It was then that he noticed he was not running alone. Several others were in the woods around him. He didn’t see them so much as hear their pants, their snarls. And smell. Each one had a distinct odor. One of them cut in toward him. It was a huge wolf with ruddy fur and an insatiable hunger that permeated his scent.
Courtaud.
That was the other wolf’s name. Somehow he knew this without being told. Courtaud was the lord of the pack. Obey him or be killed.
Courtaud ran beside him, growling his orders.
Follow us. There’s a child on the road. We shall tear out its throat and feast on its flesh.c
A child? No, he thought. No, we can’t kill a child.
Lorenzo woke in a soft bed. He was burning up, sweat on his forehead. He felt weak, almost helpless, but his stomach no longer churned with nausea.

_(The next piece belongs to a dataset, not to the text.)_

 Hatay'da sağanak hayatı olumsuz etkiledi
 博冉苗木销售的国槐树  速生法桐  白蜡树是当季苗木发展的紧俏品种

Heavy wool blankets weighed down on his chest and the goose down pillows around his head threatened to suffocate him if he couldn’t get up. He struggled to sit.
A figure moved from a chair near the fireplace.
“No, go back to sleep,” a woman’s voice said.
“My lady,” he whispered. His throat was dry. He could barely form the words.
Lucrezia sat next to him on the bed. “Shh, I’m here.”
“Something . . . drink.”
“I have wine.”
“Water?”
“The water here isn’t clean. Should I send for a hot herbal drink?”
“Don’t leave me alone,” he said.
The dream lingered in his mind, falling away like dust shaking from the rafters in a heavy thunderstorm. He’d been a wolf, running with a pack, following—what was his name? Courtaud. The red wolf with the bobbed tail.
There’s a child on the road. We shall tear out its throat and feast on its flesh.
Dear God, what kind of horror was that?
She poured wine into a crystal goblet. It was a light wine, thankfully, and helped quench his thirst, but he would have preferred the hot drink. Not so much that he wanted to send her away, though.
Lucrezia stroked his cheek. Her hand was soft and cool and he closed his eyes and sighed. Her touch pushed the dream into hidden cupboards of his mind, nearly forgotten already, but he kept repeating the name of the lead wolf— Courtaud, Courtaud, Courtaud—so it wouldn’t slip away.
“You were so cold before,” she said. “But now you’re feverish.”
“Pull back the blankets, please.”
“The sweat will draw out the poison.”
“No,” he insisted. “I think it’s passing already. Please, the blankets.”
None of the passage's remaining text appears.